Data provided:
*****

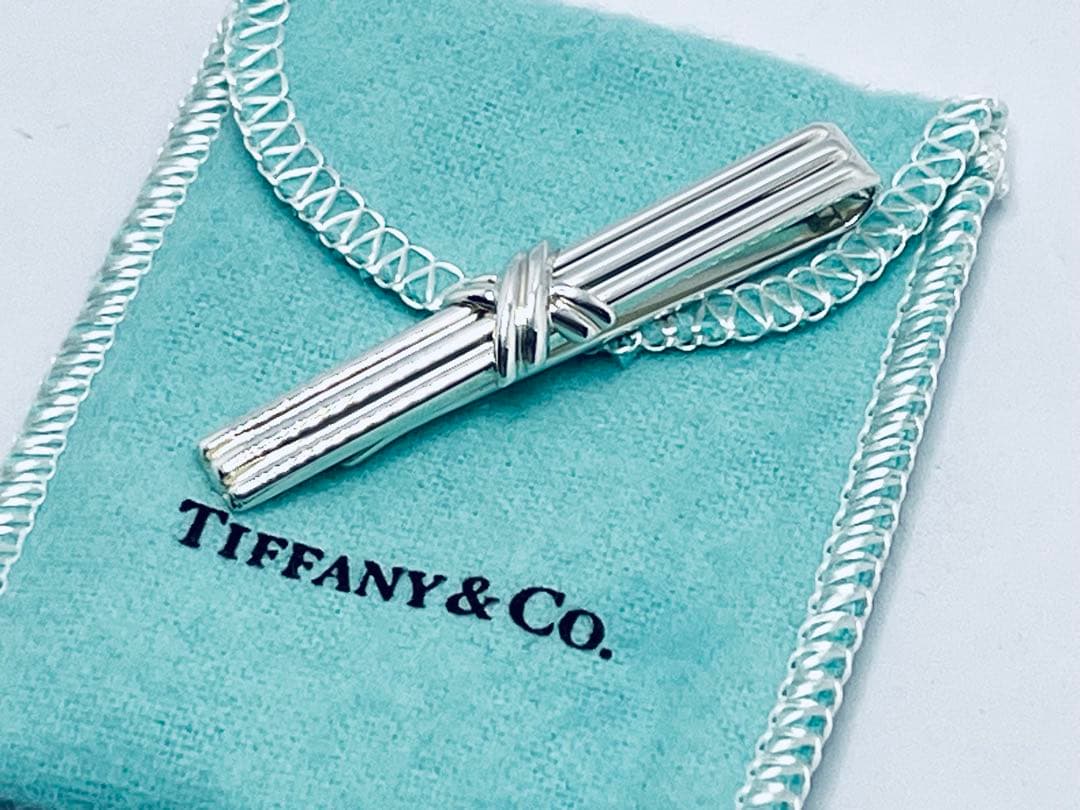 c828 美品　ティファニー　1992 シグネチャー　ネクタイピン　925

*****

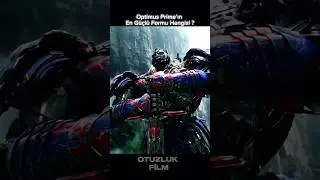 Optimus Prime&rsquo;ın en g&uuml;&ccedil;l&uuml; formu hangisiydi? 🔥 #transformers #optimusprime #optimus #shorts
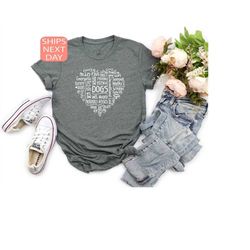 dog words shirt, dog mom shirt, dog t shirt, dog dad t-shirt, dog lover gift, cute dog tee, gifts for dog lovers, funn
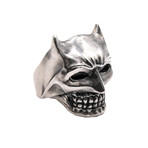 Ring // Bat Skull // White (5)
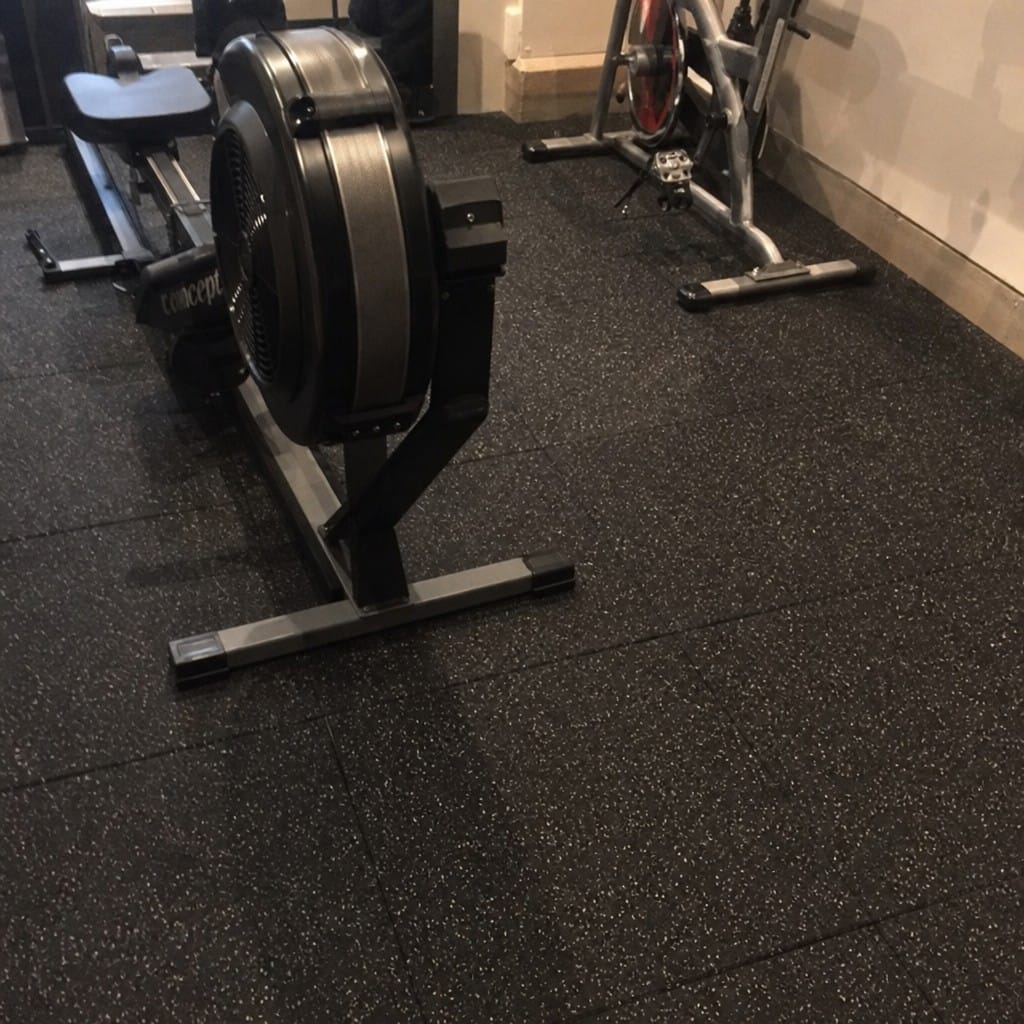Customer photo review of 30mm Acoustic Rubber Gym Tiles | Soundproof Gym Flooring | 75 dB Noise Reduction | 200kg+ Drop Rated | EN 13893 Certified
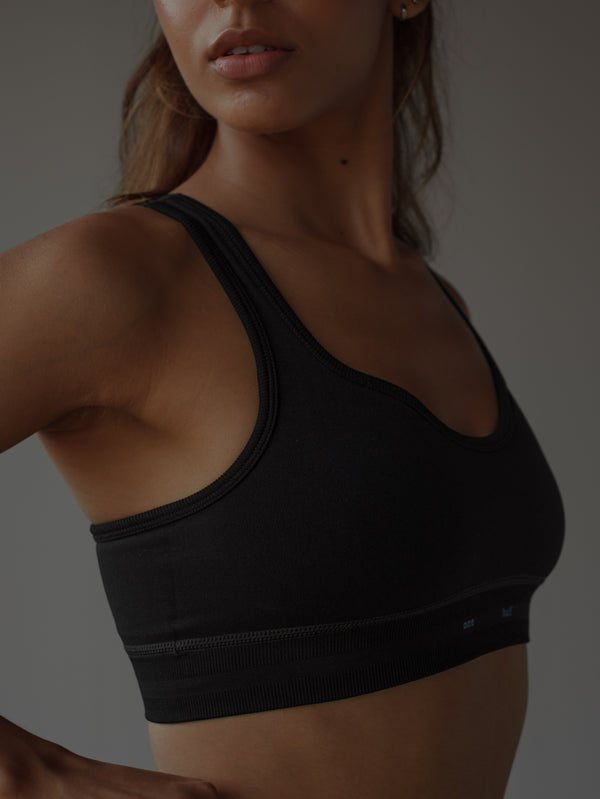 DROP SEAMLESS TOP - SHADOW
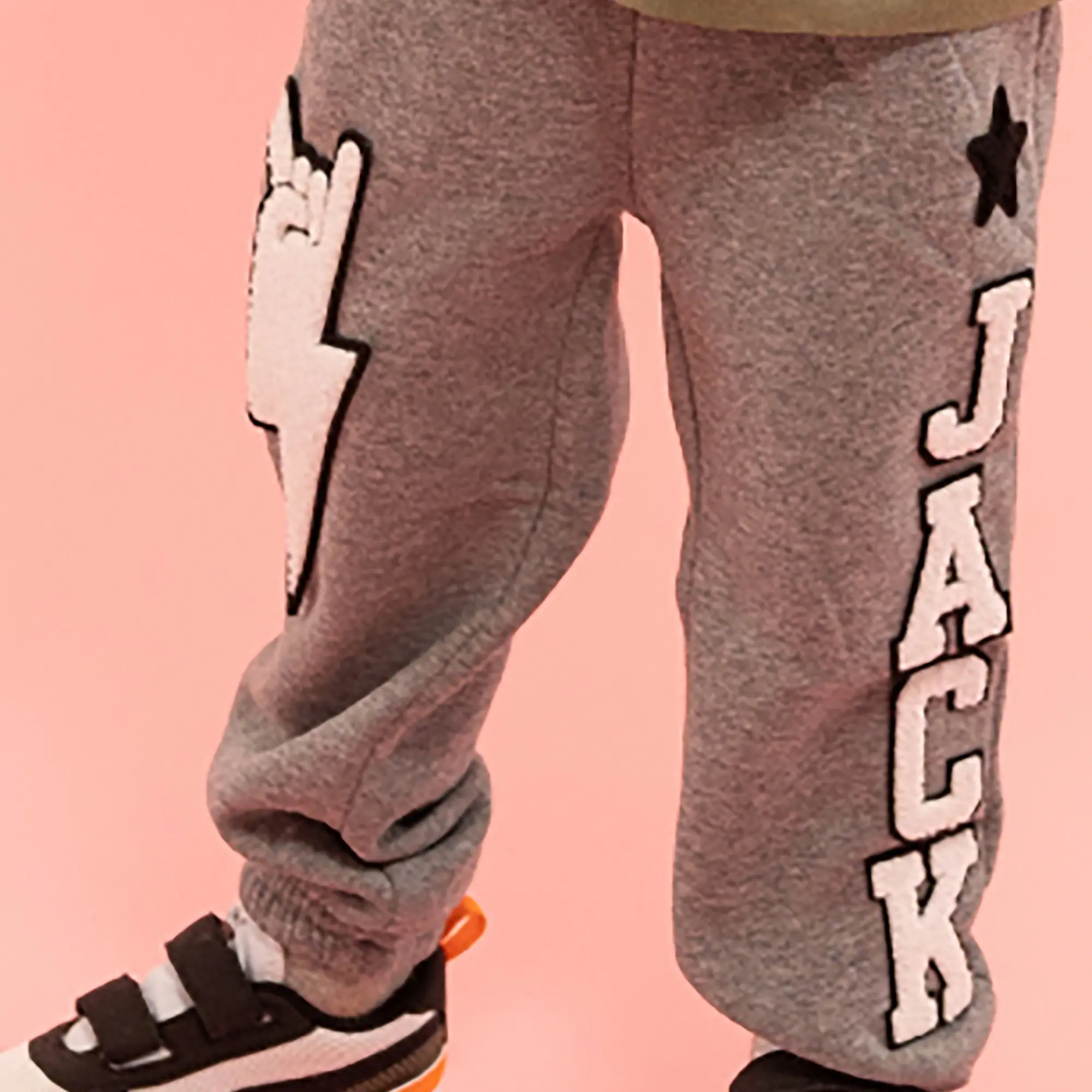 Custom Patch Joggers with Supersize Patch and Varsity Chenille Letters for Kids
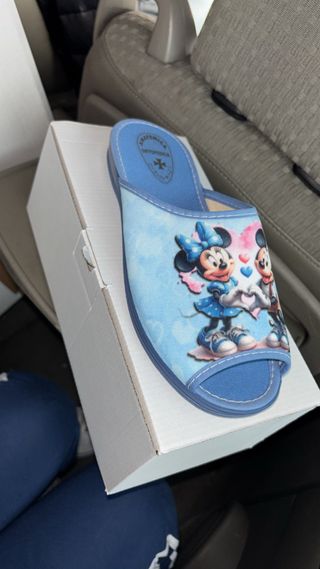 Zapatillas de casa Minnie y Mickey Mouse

*****

What is expected: The stretch above running from the line with "Customer photo review" through the line with "Custom Patch Joggers" is all you should copy, exactly, leaving out the pictures.

Exercise result:
Customer photo review of 30mm Acoustic Rubber Gym Tiles | Soundproof Gym Flooring | 75 dB Noise Reduction | 200kg+ Drop Rated | EN 13893 Certified
 DROP SEAMLESS TOP - SHADOW
 Custom Patch Joggers with Supersize Patch and Varsity Chenille Letters for Kids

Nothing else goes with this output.